As founder and CEO of Eventcombo, I have many duties, but the most important is taking care of my team. Interestingly, as we operate on a completely distributed model (yes bureaucrats, it is possible), I have never met many of them in person. 

Eventcombo is a next-gen event management and attendee management platform for virtual, in-person and here’s the buzzword for 2021 and beyond: hybrid events. Due to this, I have employees spread throughout the globe, from Chicago, to San Diego, to New Delhi, to Pittsburgh, to St. Petersburg, which makes communication extra challenging. I don’t mind over communication so it works.

Over the years, I have heard the same advice “Make your employees feel like you care” and my response is, “Make them feel like I care? No, genuinely care.” Many of my colleagues in leadership positions fall short in showing they care, although this might be because they are trying to posture. That is the root of many problems. A faux display of caring and appreciation will run out of fuel quickly.

One way I demonstrate my investment in the success of my team members is communicating with them via Meets (yes, I am a big fan of Meets), Fireworks, or in person daily.

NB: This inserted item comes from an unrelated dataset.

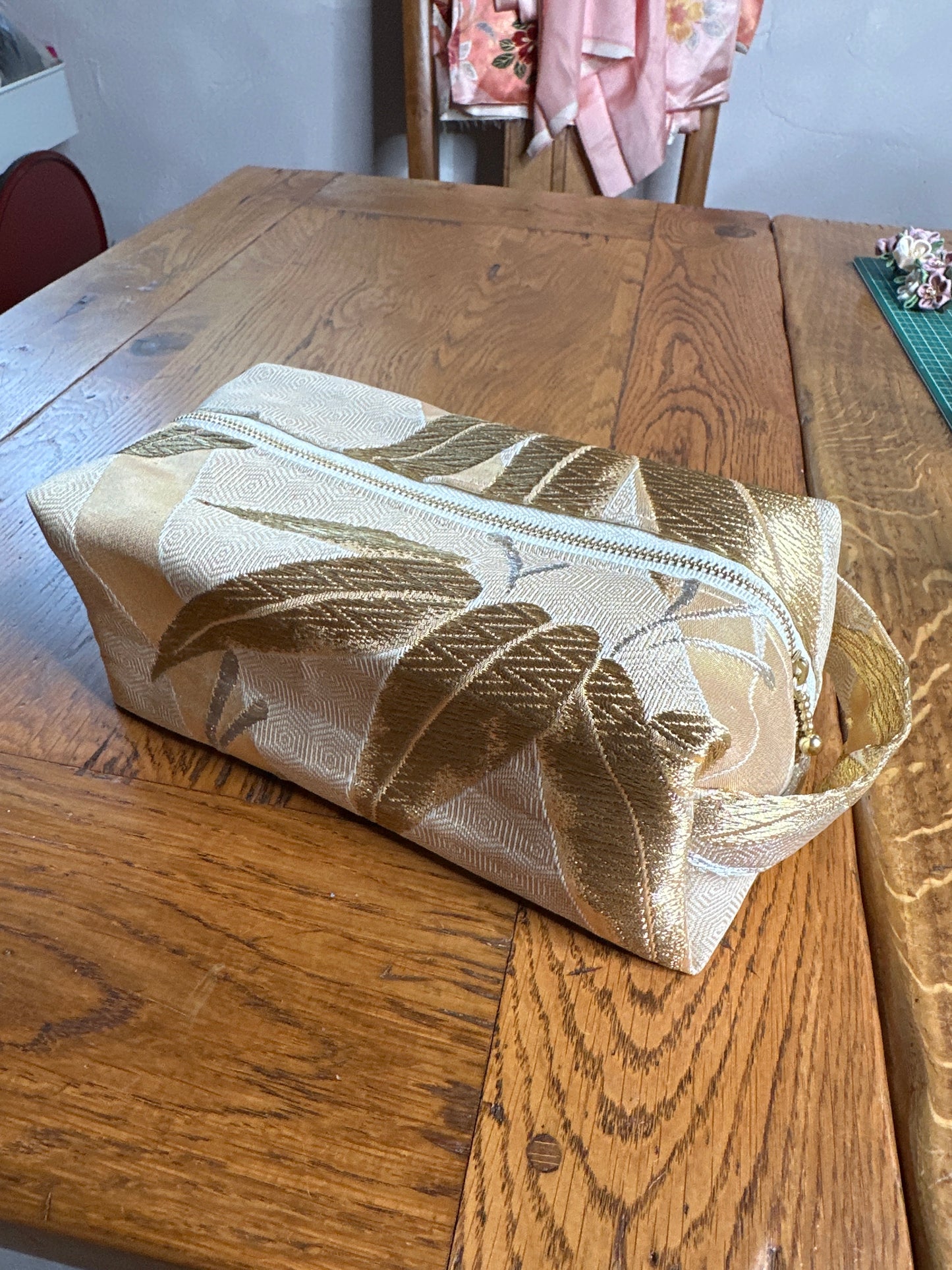 Trousse de toilette Obi en soie japonais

This is key, because when your employees are successful, so is your company, and so are you.

I like to discuss business but it tends to come up naturally as the conversation is always human-centric, rather than process-centric. We are all familiar with the invisible walls that exist between bosses and employees and these inaccurate ideas of employees and bosses often go unaddressed. I am a real person with a real life, hobbies, and a family, as are my employees. In some instances, it is unfortunate that many of us lose sight of these facts, without which, we would not be who we are. Especially working in a virtual environment with “quick hit” 15 minute calls each day about the latest updates, we’ve lost the small talk aspect of work, which contributes to the work environment being natural and harmonious. Keeping up to date with major events in your teams' lives is honestly interesting, and it also helps you get a better understanding of why and how they’re producing the way they are. If they have an illness, or have had a recent death in their family, that could be the simplest answer to why their work has been lacking the typical spark. If their work seems to have taken on a much more robust trajectory, maybe they’ve just gotten engaged or had a personal achievement. It’s important to keep up with these events and support your team in either aspect. 

One thing I always like to mention in discussions with my team is that my Meets office door is always open for a virtual get together. Yes, a few 10 minute chats take up some time, but make up for so much more in terms of relationship development. The benefits of listening are endless!

My ultimate hope and goal for all of my team members is that they become leaders themselves. My job is to challenge them when they are catching on, which is something they can use to leap forward. Challenges are the way to growth, and who does not want to grow? I hope they learn from watching the way I lead, but also take guidance from the challenges that are given to them, sometimes they are forced to lead. 

One of my greatest leaders once told me that he wished I would put him out of work. That stays with me every day. A confident leader wants his team members to become so capable and develop enough confidence to one day replace them. If we can all aspire and inspire in this way, imagine the possibilities for the growth of your business and the growth of your team.

Here are some takeaways from my approach:

  • Create leaders by giving leadership tasks and ownership
  • Be wrong. I am always happily wrong. It is a small price to pay for always pushing forward. Society places an incorrect stigma around being wrong, it is actually empowering if practiced honestly and with integrity
  • Encourage your team to take risks

If you lead by following these three key points, you will experience the positive effects this type of leadership has on your team. Success comes from following (pushing, not pulling) your team to success.